East Jasper 12,900′ Northeast Bowl and “Diamond Hill” 12,040′ East Slopes – 6/24/2016 – Alone Time

After North Arapaho it seemed like a good idea to save on gas and just stay put and stay in position to get East Jasper and another line that I skied part of when I skied Jasper’s Snow Leopard. I got up nice and early and headed up the trail to the Diamond Lake Trail junction. I took Diamond Lake Trail and should have taken it all the way to the bridge. Instead I bushwhacked up the valley and had a very cold and refreshing stream crossing. If I’d taken the bridge I could have avoided the water; at least I didn’t swim. I made my way up to the basin below the Northeast bowl and admired the lake. While going around the lake I saw some airplane wreckage. It wasn’t until I got to the other side of the lake that it dawned on me that someone probably died there. I took a moment to ponder that.

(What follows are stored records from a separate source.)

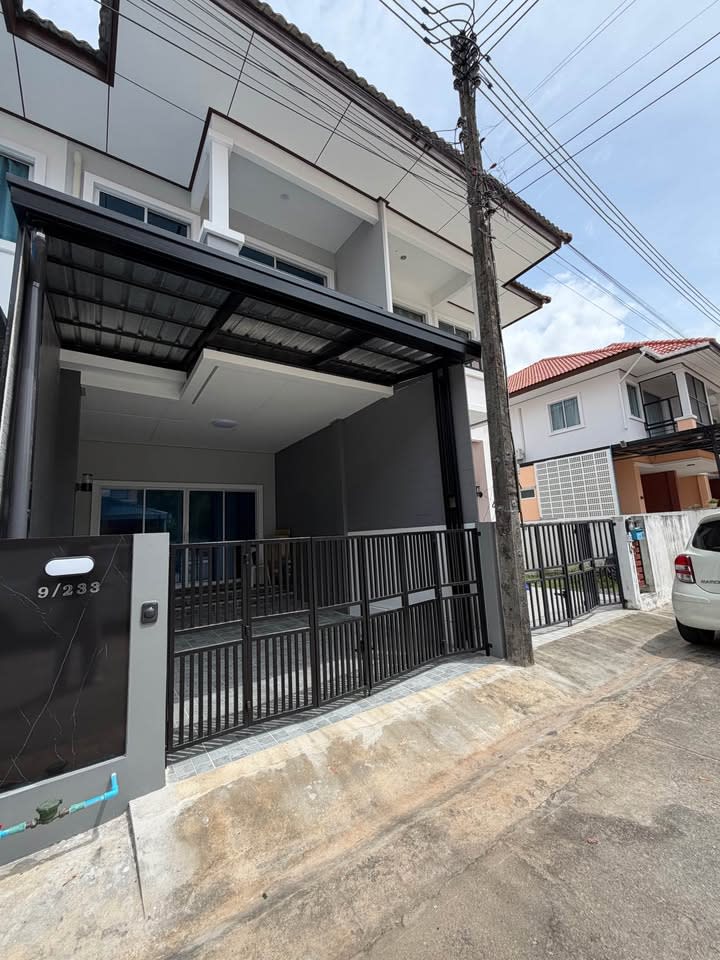 2-bed townhouse for rent in Thalang, Phuket — photo 1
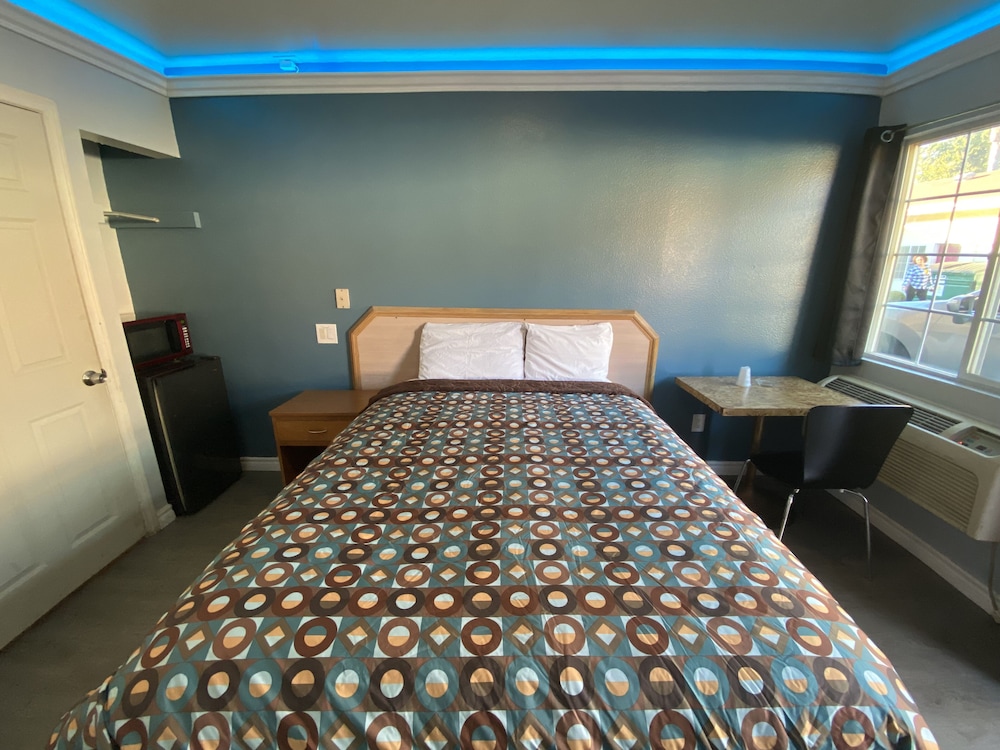 Sands Inn - photo 2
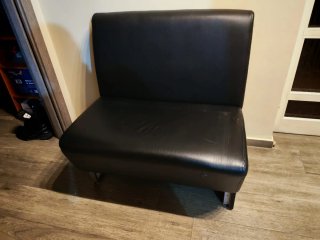 Divanetto in pelle nero In buono stato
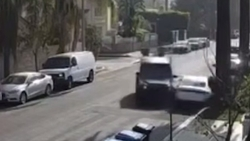 В Лос-Анджелесе уроженка Дагестана протаранила машину грабителей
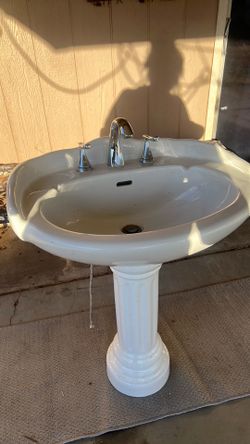 White sink/lavamanos blanco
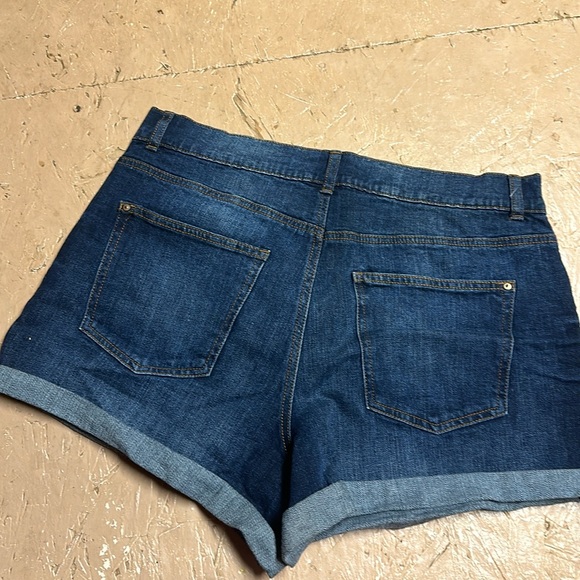 NWT NOBO JEAN SHORTS 17 - Picture 3 of 4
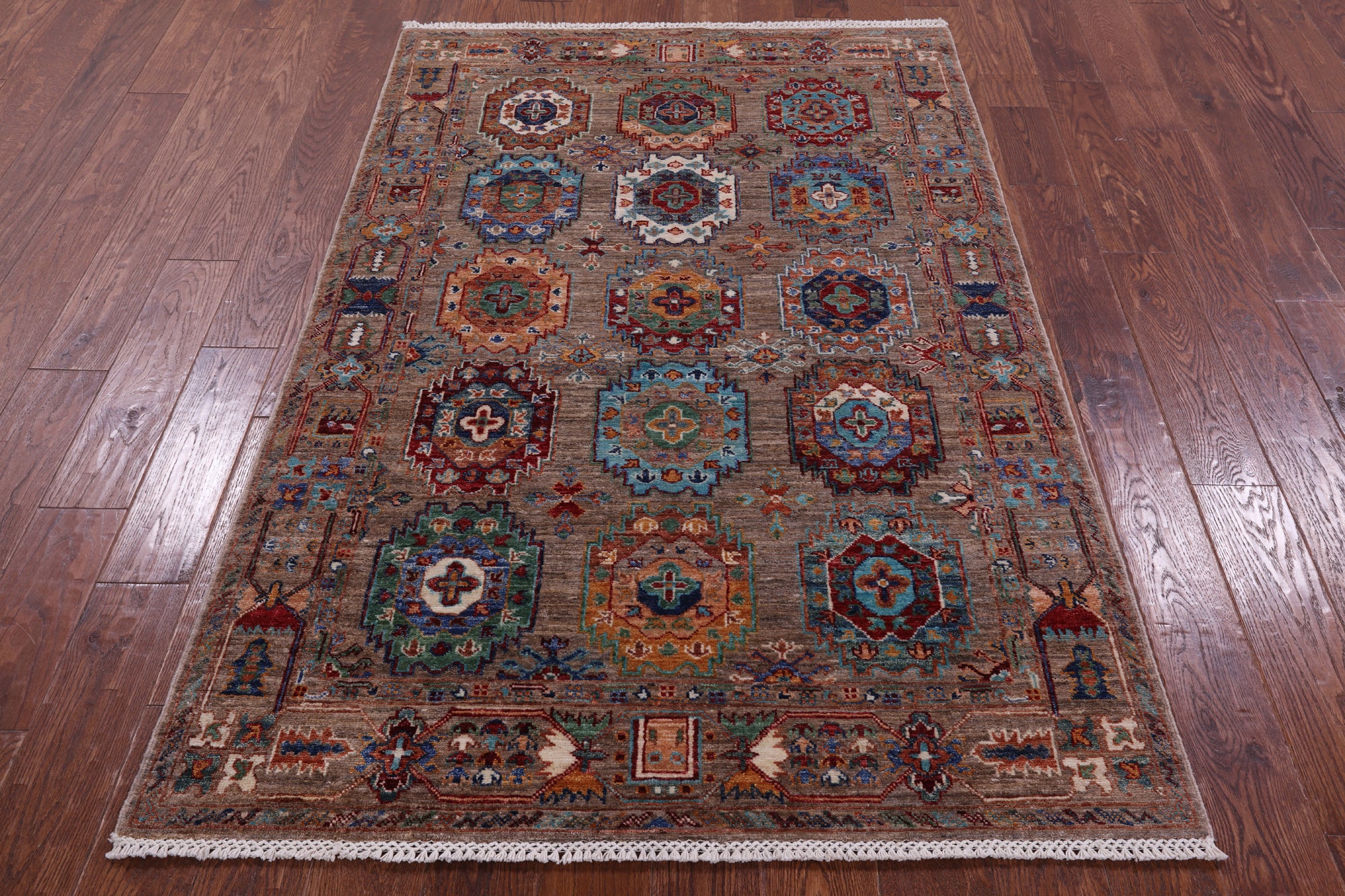 Turkmen Ersari Hand Knotted Wool Rug - 4' 0" X 6' 2" - Golden Nile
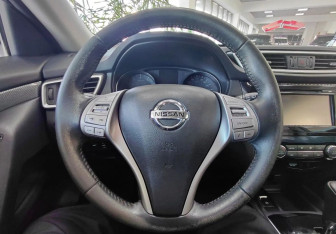 Подержанный автомобиль Nissan X-Trail 2017 года (13 фото)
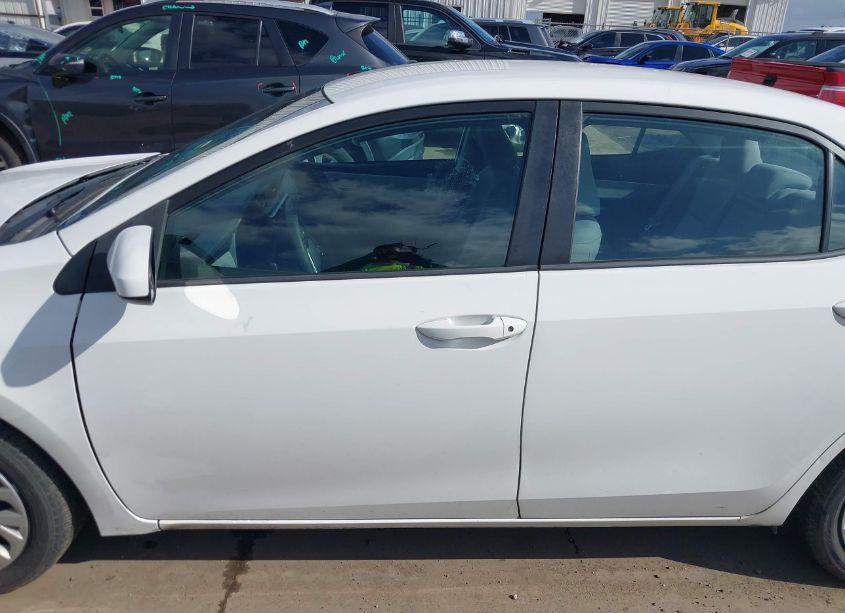 Photo 15 of 2018 Toyota Corolla LE (VIN 5YFBURHE2JP767079)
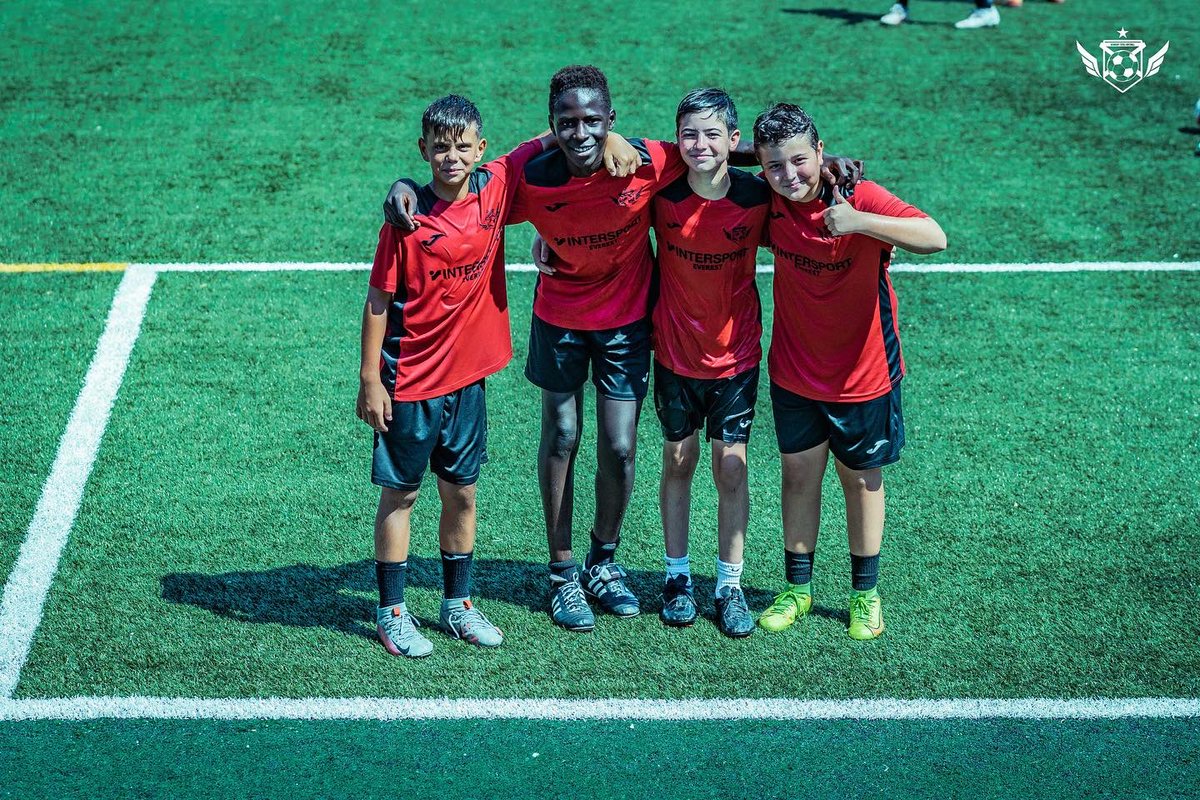 AcademyTF_'s tweet photo. 🤩🎁 Tanquem la 4️⃣ setmana amb regals i premis‼️

🔜 Preparats per l’última setmana de #CampusTotalFootball ✅
—
📸: @enricserraphoto https://t.co/6SgwpSwNa5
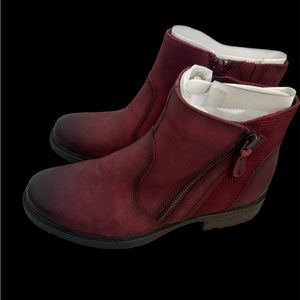Earth brand, NWT, Wine Vintage Leather Size 7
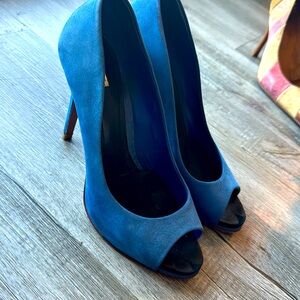 Schultz Imported Brazilian Suede Open Toed Blue Pumps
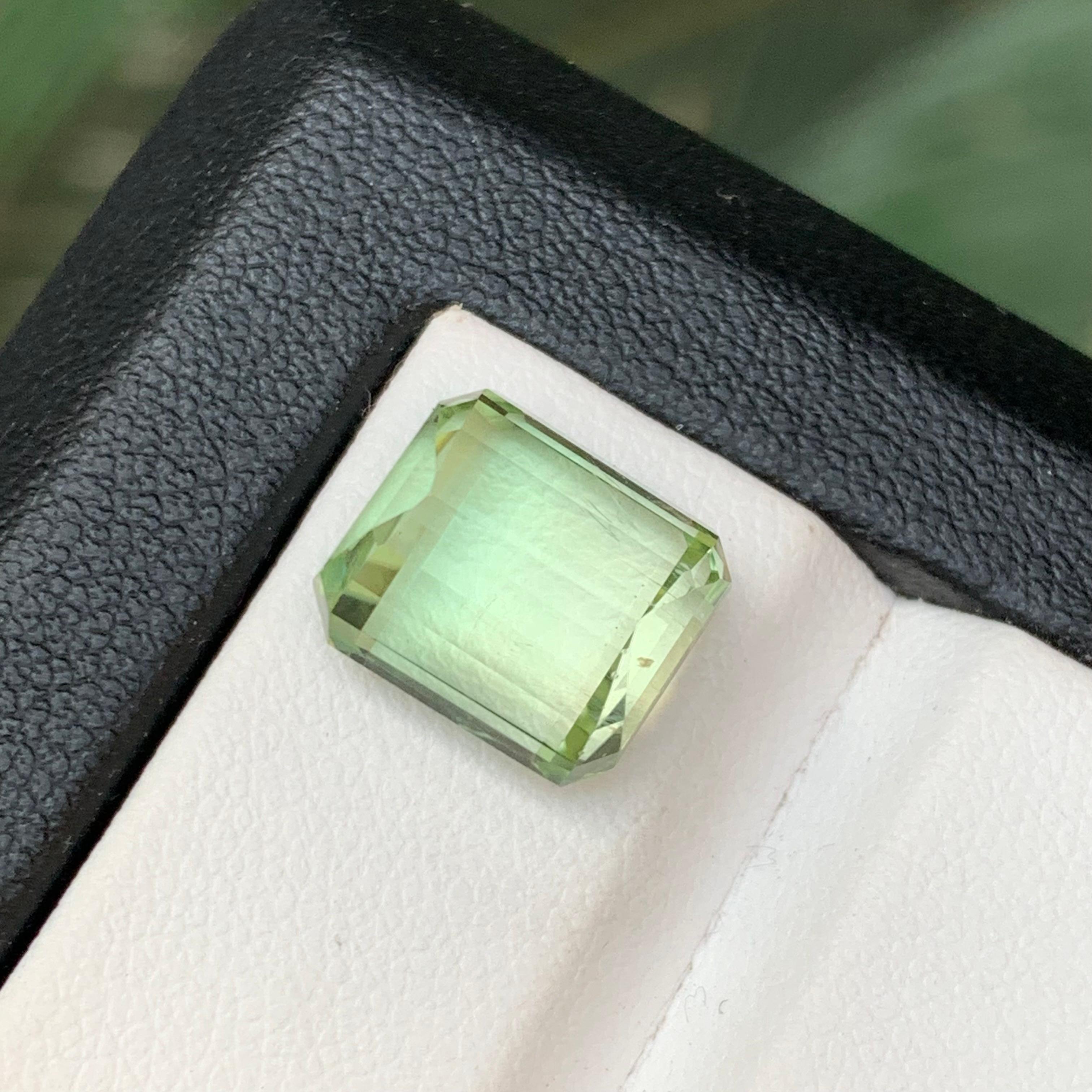 Bague en tourmaline naturelle vert citron clair, pierre précieuse non sertie de 6,95 carats, taille émeraude Neuf - En vente à Peshawar, PK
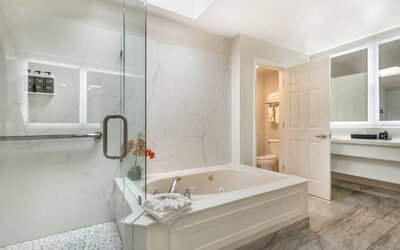 University Park Inn & Suites, an Ascend Collection Hotel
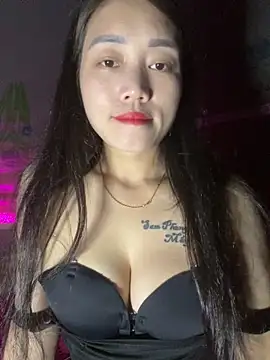 Snapshot of chipp-bong chatting on 11.11.25 chipp-bong online show from 11.11.25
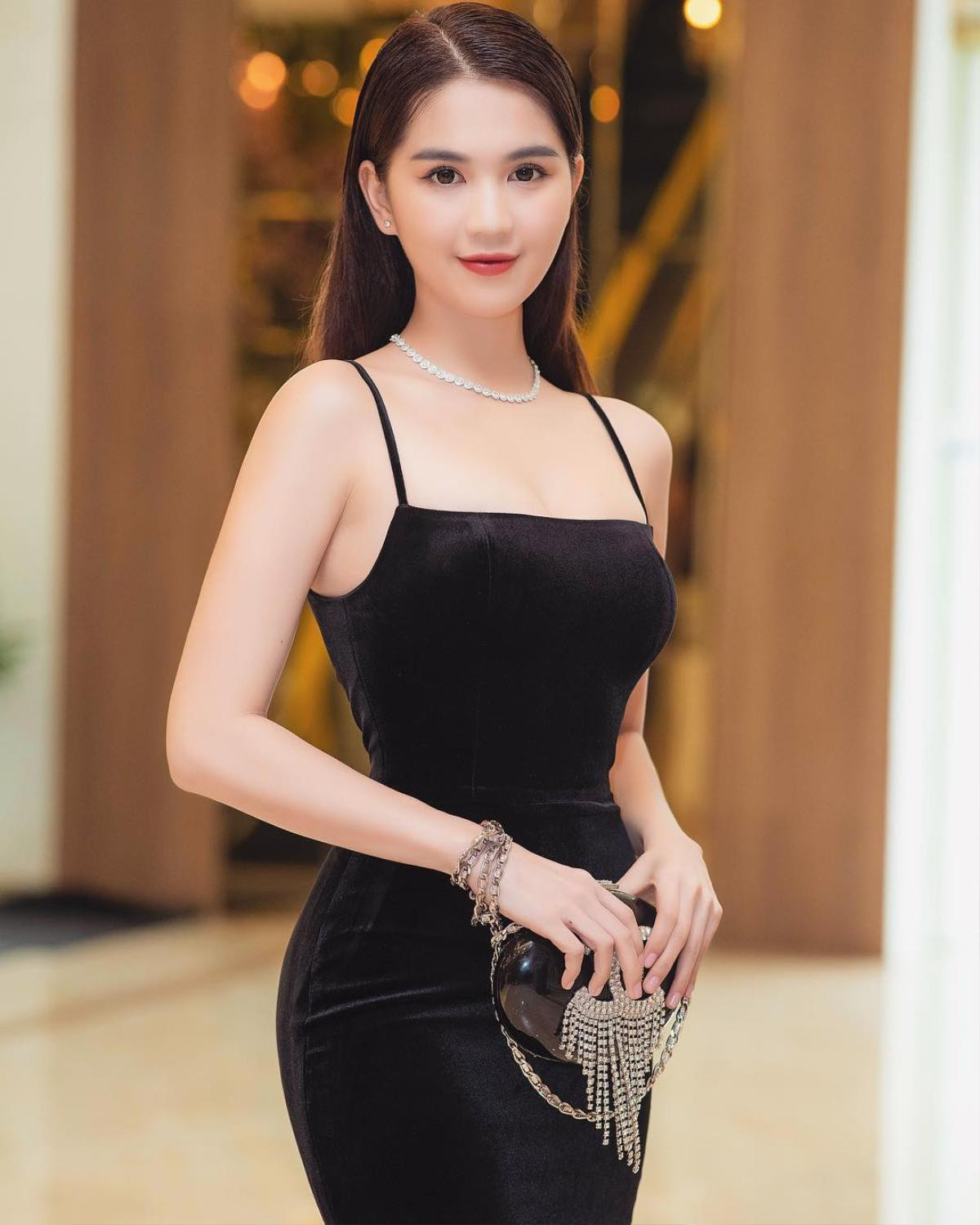 Lộ clip Ngọc Trinh pose dáng điên đảo ở hậu trường, ngầm khoe 'hàng xịn' không photoshop Ảnh 4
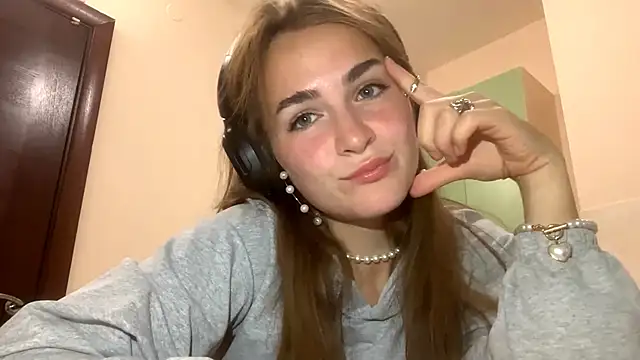 BunnyTiedeman online show from September 23, 2025, 7:06 pm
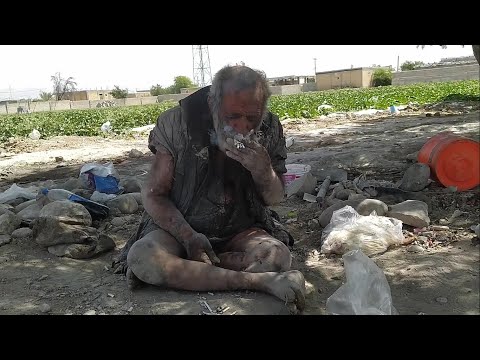 This is the dirtiest man alive | he hasn't showered for more than 60 years | smokes animal feces.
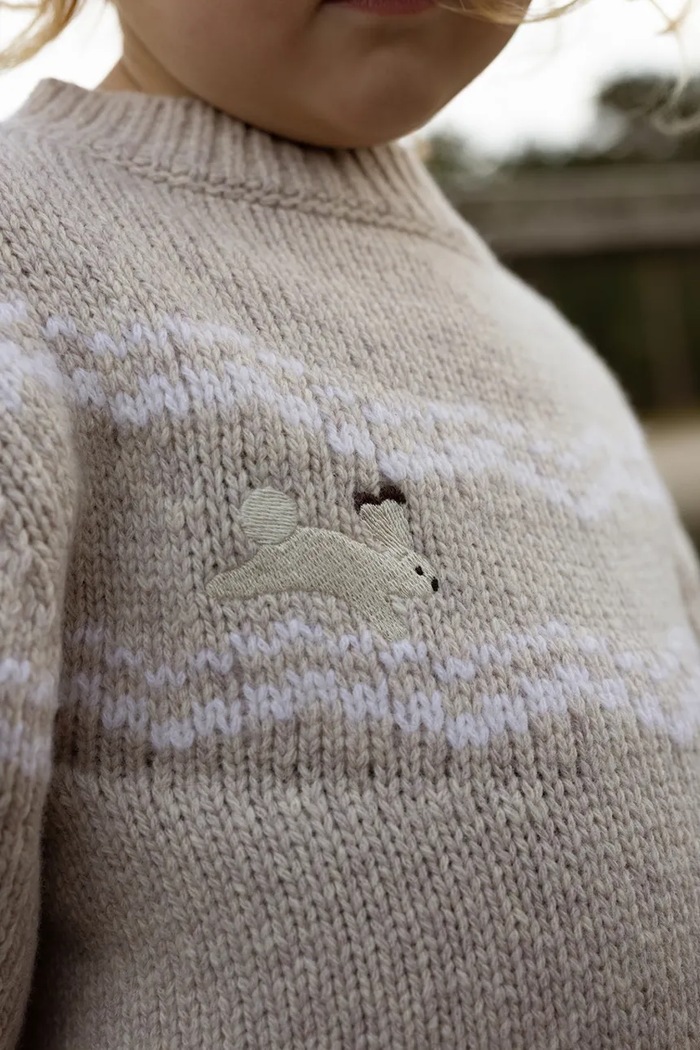 Пуловер за деца от мериносова вълна Yohana Merino Wool Sweater Arctic Hares Donsje бежов 4129301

At the top I dropped in and skied the bowl. After a quick cut I got the snow to move a little bit in the thin choke area. The thicker areas were fine. The mid 30 degree line was fun to ski fast. I snapped a couple pics and moved on down the ridge to “Diamond Hill”. That’s my name for it as it’s above Diamond Lake. I skied the lower section of it when I got Jasper before but the tops was worth going back for and the line is worthy of inclusion. The lower section tightens up through some treed chutes. This time I found the Diamond Lake trail and had an easier tie getting out.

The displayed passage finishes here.